In most cases in cc-mode, reference to the c-lang-const symbols are done
through a variable of the same name, rather than directly through the
(c-lang-const ...) fn. The pattern for defining the variable looks like
this:
(c-lang-defconst c-brace-list-key
;; Regexp matching the start of declarations where the following
;; block is a brace list.
t (c-make-keywords-re t (c-lang-const c-brace-list-decl-kwds)))
(c-lang-defvar c-brace-list-key (c-lang-const c-brace-list-key))
And then the code in cc-mode references the value either via the variable,
or (c-lang-const ...). This is nice because it offers the chance for a
cc-mode language to set its own regex into that symbol, and that regex may
or may not be the result of a simple call to c-make-keywords-re.
But, in some cases this approach is not used faithfully. One case in
particular causes problems for fontification of C#.
In c-basic-matchers-after (defined in cc-fonts.el), the first case in that
fn deals with identifiers inside enum lists, and "hard-codes" the regex
used to recognize brace-lists . See below, the call to concat, and
specifically the comment that begins with "Disallow".
(c-lang-defconst c-basic-matchers-after
"Font lock matchers for various things that should be fontified
after
generic casts and declarations are fontified. Used on level 2 and
higher."
t `(;; Fontify the identifiers inside enum lists. (The enum type
;; name is handled by `c-simple-decl-matchers' or
;; `c-complex-decl-matchers' below.
,@(when (c-lang-const c-brace-id-list-kwds)
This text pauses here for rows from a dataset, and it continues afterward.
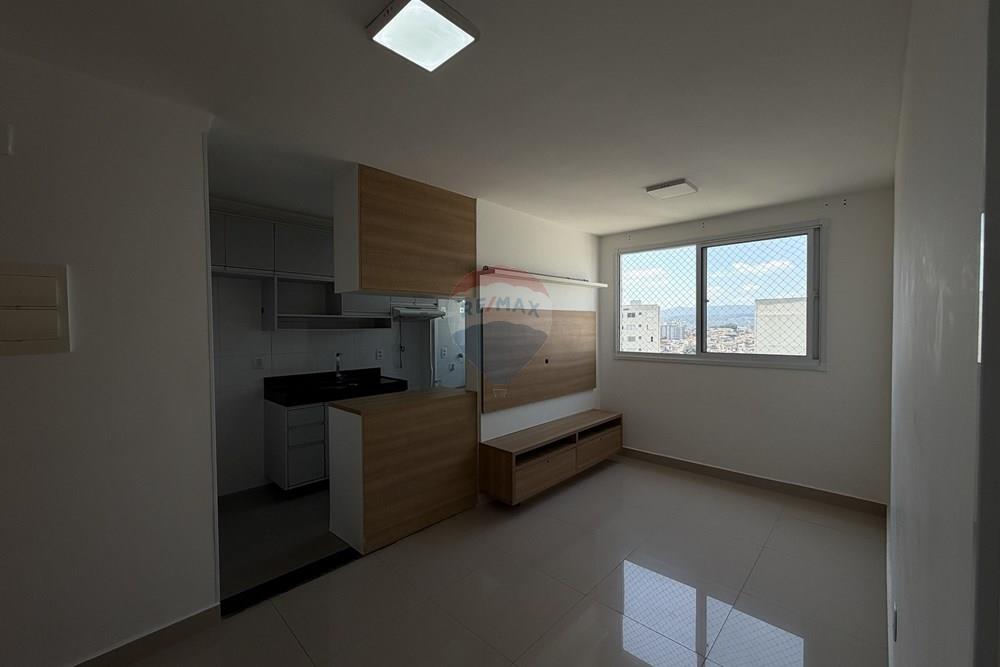 Apartamento - Alugar - São Paulo , São Paulo - IMG_0078.jpeg - 602411011-15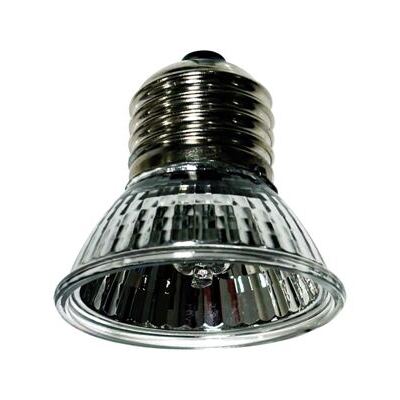 REPTO NANO HALOGEN LIGHT 50 WATT
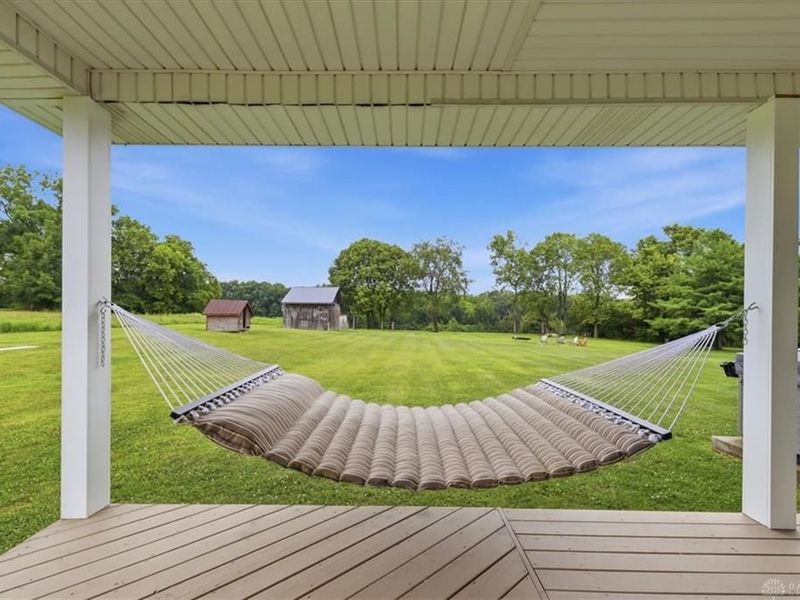 3620 McLean Road, Franklin, OH 45005 Photo 83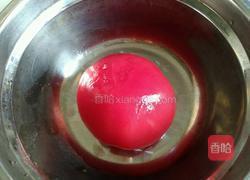 番茄肉末拌面的做法图解3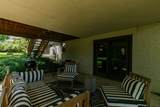 6319 Dodds Drive - Photo 41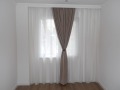 Продава 2-СТАЕН, град Пловдив, Тракия • 135000 € / 264037.05 лв. • 68906937 2
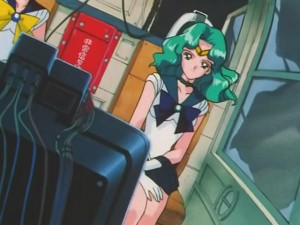 screenshot-anime-sailor-moon-s-episode-124-036.jpg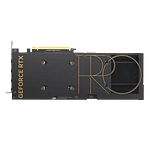 Asus ProArt GeForce RTX 4070 OC 12GB GDDR6X DLSS3  Tarjeta Gráfica Nvidia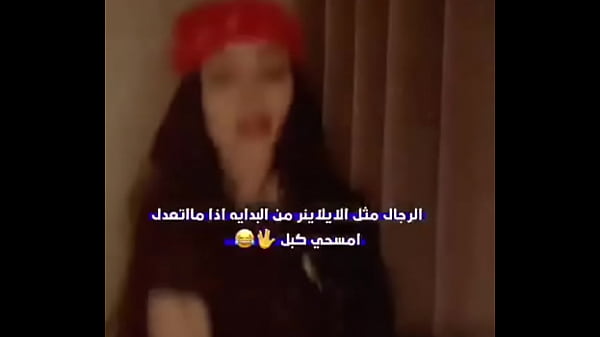 فيديو التحقق 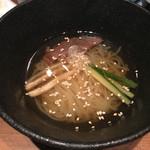 焼肉うしごろ - 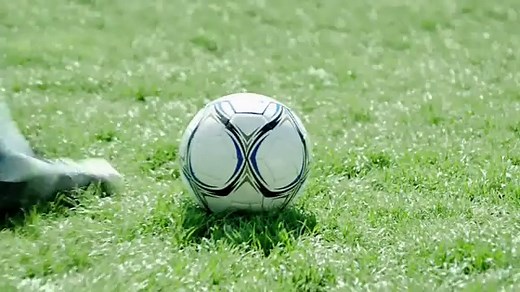 Bud Light TV Spot, 'Summer Bucket List: Play Ball'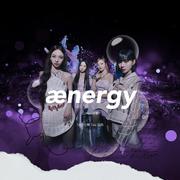 aenergy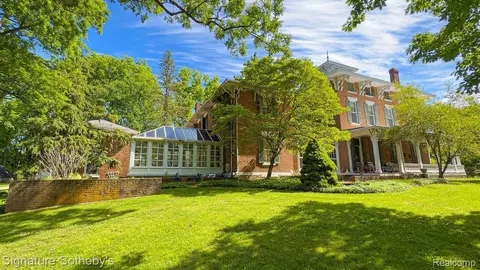 Other - 410 N Eagle St, Marshall, MI 49068 photo 23 of 29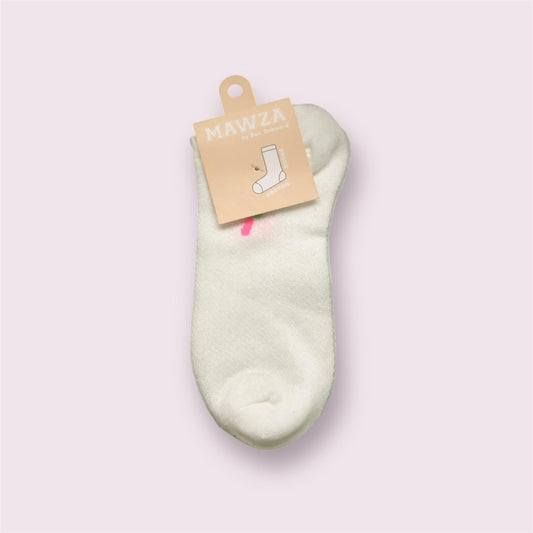 Ankle Length
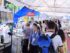 ตลาดนัด สวทช จุดนัดพบยามเช้าท่ามกลางธรรมชาติและนวัตกรรม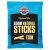 Mainland Cheese Sticks Edam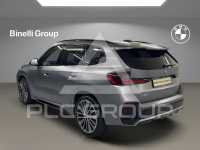 2023 BMW iX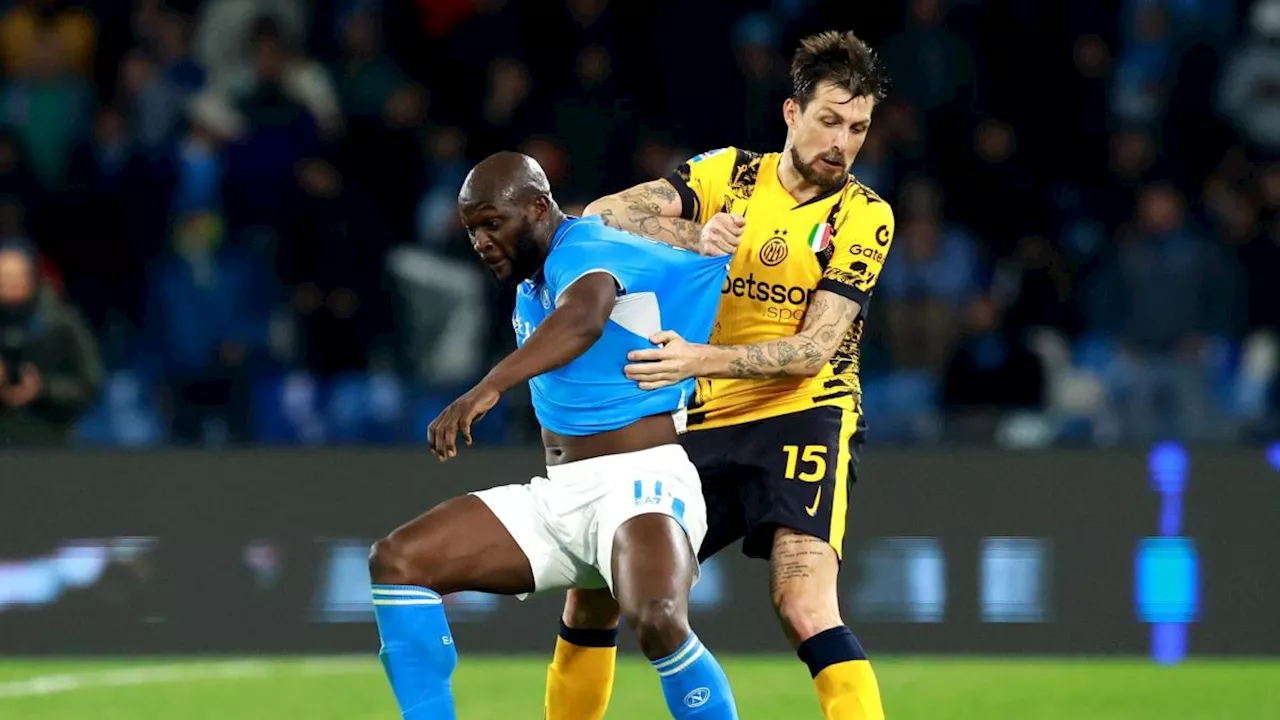 Dal fatal Bologna alle romane: Inter, dove sono le trappole sul calendario?
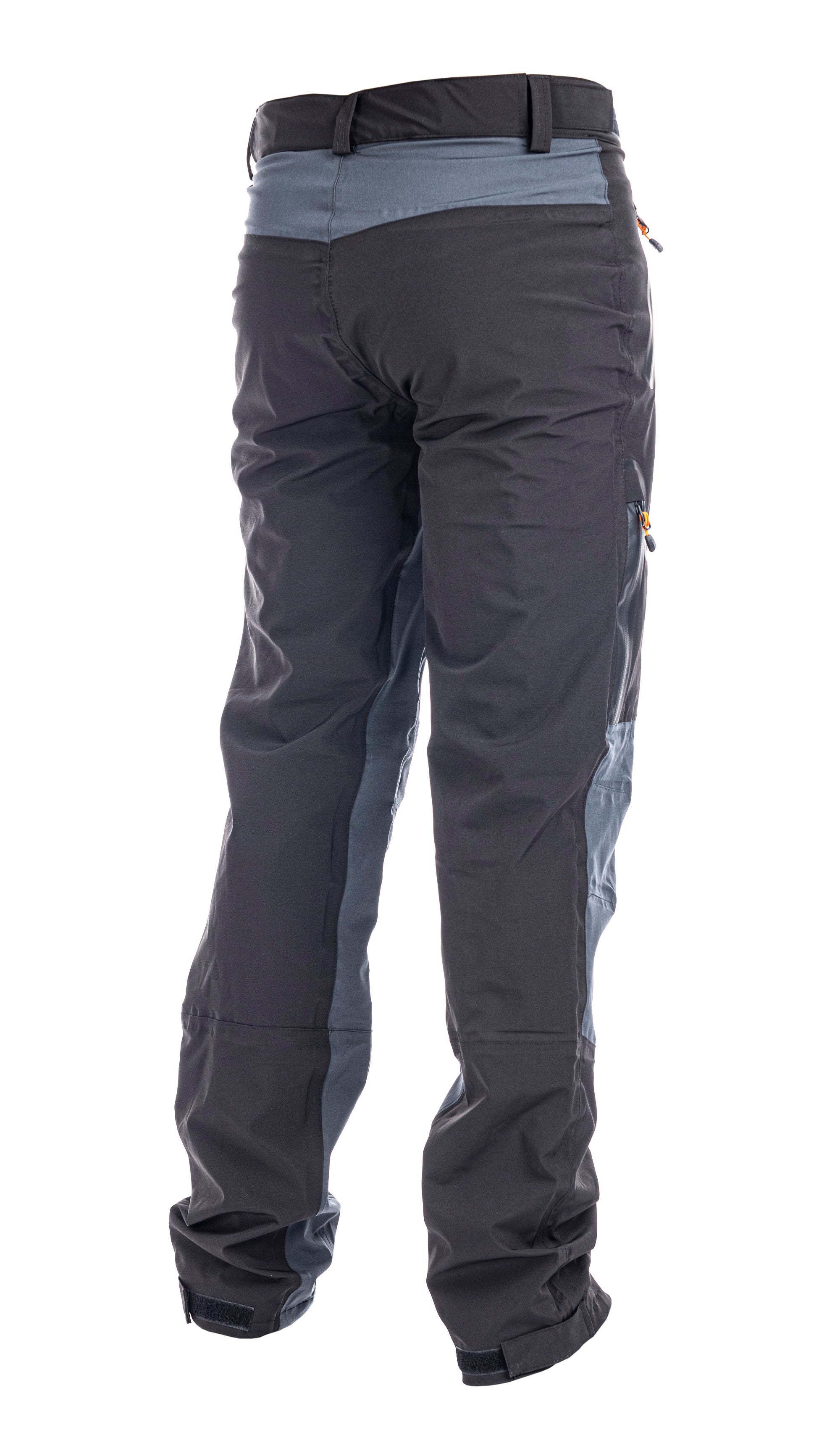 Move On Hose "Lyngen"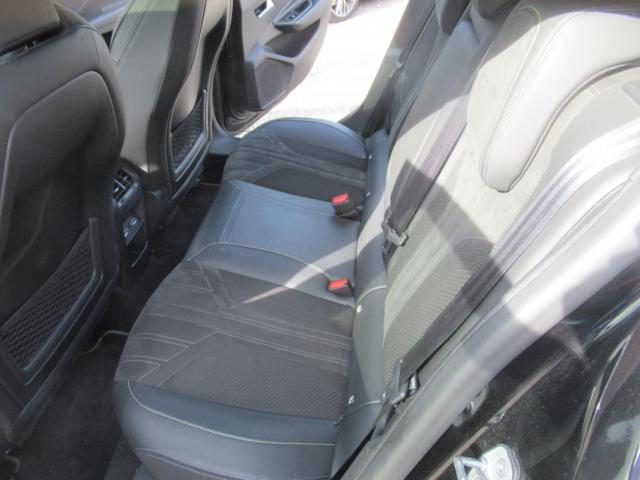 Peugeot 308 image 7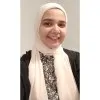Yousra HASSAN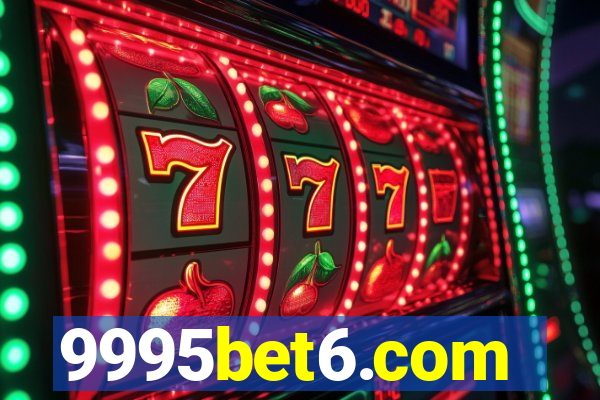 9995bet6.com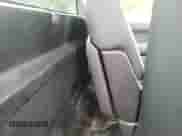 2022 Chevrolet Silverado 1500 Work Truck z VIN 3GCNWAEK6NG185680, wystawiony jako Copart lot #85725755 z przebiegiem 81 374 mil mil oraz Szkoda całkowita • Salvage title. Historia ofert i sprzedaży dostępna na DreamBid. Obrazek 10.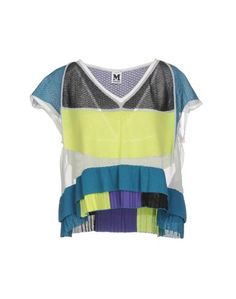 Свитер M Missoni
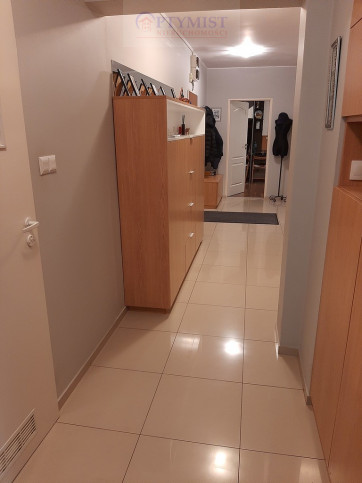 Mieszkanie Sprzedaż Warszawa Ursynów Wilhelma Konrada Roentgena 8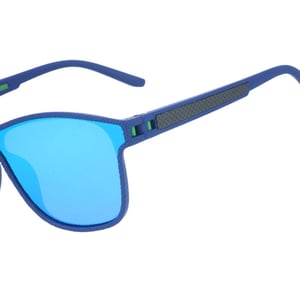 CF90008 Gafas de sol deportivas para hombres y mujeres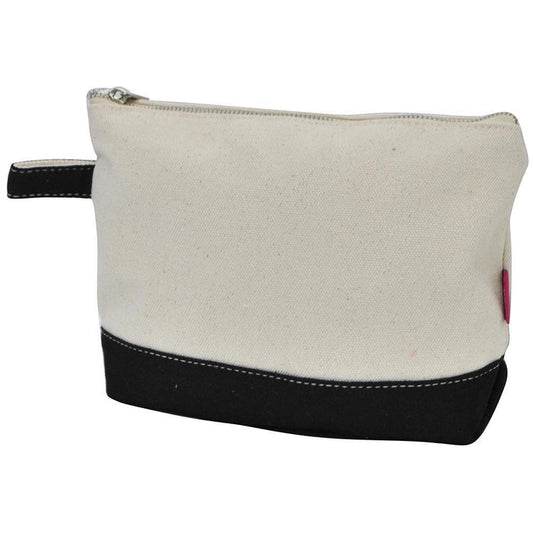 Travel pouch for medicine, travel pouch set, personalized travel bags, organizer small, travel pouch makeup bags personalized, jute cosmetic bag, cheap jute cosmetic bags, black cosmetic bag, black cosmetic case,
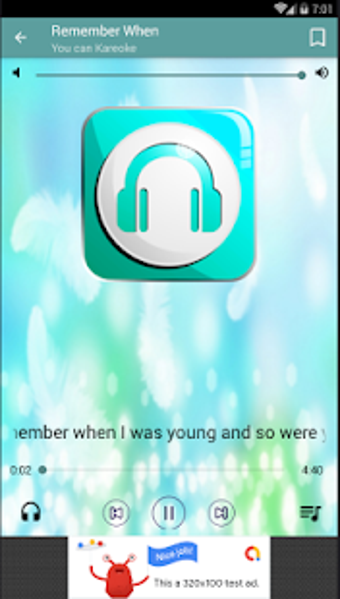 Image 1 for Alan Jackson MP3
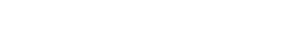 FGM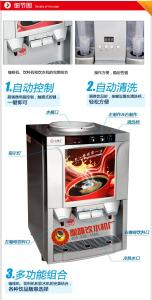 德龙咖啡机使用方法 咖啡机种类 咖啡机尺寸_种类_使用方法_更多咖啡机相关信息详情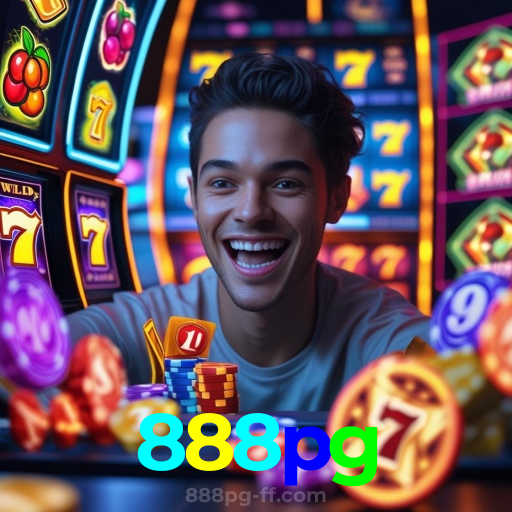 888pg:Vença no futebol online e transforme suas apostas em prêmios!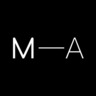 Merz Aesthetics GmbH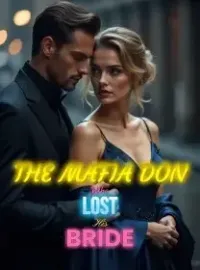 The Mafia Don Who Lost His Bride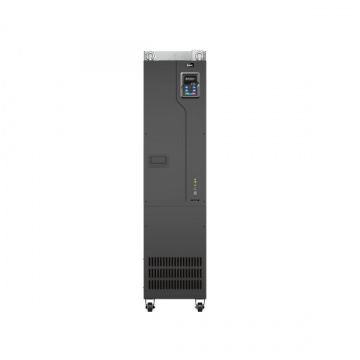 INVT GD290-355P-4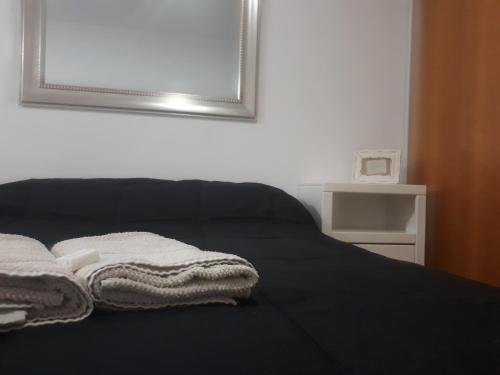 Apartamento La Plata Residencial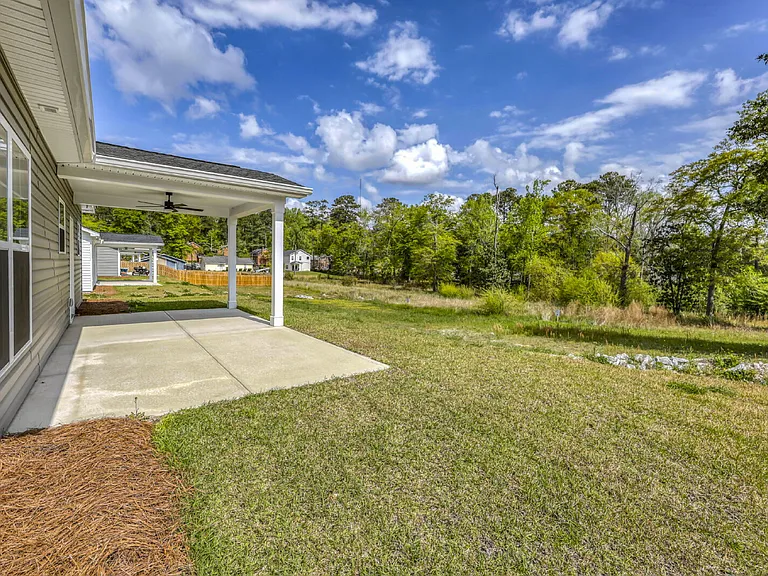 6640 Satchel Ford Rd — Photo 26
`((,(c-make-font-lock-search-function
(concat
"\\<\\("
(c-make-keywords-re nil (c-lang-const
c-brace-id-list-kwds))
"\\)\\>"
;; Disallow various common punctuation chars that
can't come
;; before the '{' of the enum list, to avoid searching
too far.
"[^\]\[{}();,/#=]*"
"{")
'((c-font-lock-declarators limit t nil)
(save-match-data
(goto-char (match-end 0))
(c-put-char-property (1- (point)) 'c-type
'c-decl-id-start)
(c-forward-syntactic-ws))
(goto-char (match-end 0)))))))
This works in many languages, but it does not work in C#, specifically for
the case of object initializers, which take this form:
var x = new MyType(arg1, arg2, ...) {
Field1 = "foo",
Field2 = "bar",
};
This syntax creates a new instance using the given constructor, and then
sets public fields or properties on that instance to the given values.
When I say "it does not work" what I mean is that regex in the matcher
doesn't match, and as a result the char property c-decl-id-start is not
applied to the open curly. As a result of that, the assignment statements
inside the curlies are not fontified properly.
C# 3.0 also allows this simpler syntax:
var x = new MyType {
Field1 = "foo",
Field2 = "bar",
};
...which invokes the default constructor, and then performs the
assignments. This syntax is fontified correctly. The difference is the
absence of the (), which is "disallowed" by the hard-coded regex.
The difference is shown here:
http://i40.tinypic.com/29qo0go.jpg
What I'd like to see is that regex in c-basic-matchers-after to be a pure
c-lang-const. Rather than augmenting that regex deep inside the matcher
to stipulate that () must be disallowed in that context, if that regex
could refer to an unadorned c-lang-const, then any mode dependent upon
cc-mode would be able to set the appropriate regex for the matcher, in an
appropriate c-lang-defconst .
In other words, change the code for c-basic-matchers-after to
t `(;; Fontify the identifiers inside enum lists. (The enum type
;; name is handled by `c-simple-decl-matchers' or
;; `c-complex-decl-matchers' below.
,@(when (c-lang-const c-brace-id-list-kwds)
`((,(c-make-font-lock-search-function
(c-lang-const c-brace-id-list-beginning-re)
'((c-font-lock-declarators limit t nil)
and introduce c-brace-id-list-beginning-re , as
(c-lang-defconst c-brace-id-list-beginning-re
;; Regexp matching the start of a brace list, including the opening
;; brace.
t (concat
"\\<\\("
(c-make-keywords-re nil (c-lang-const c-brace-id-list-kwds))
"\\)\\>"
;; Disallow various common punctuation chars that can't come
;; before the '{' of the enum list, to avoid searching too far.
"[^\]\[{}();,/#=]*"
"{")
)
Have I understood this properly? Does this request make sense?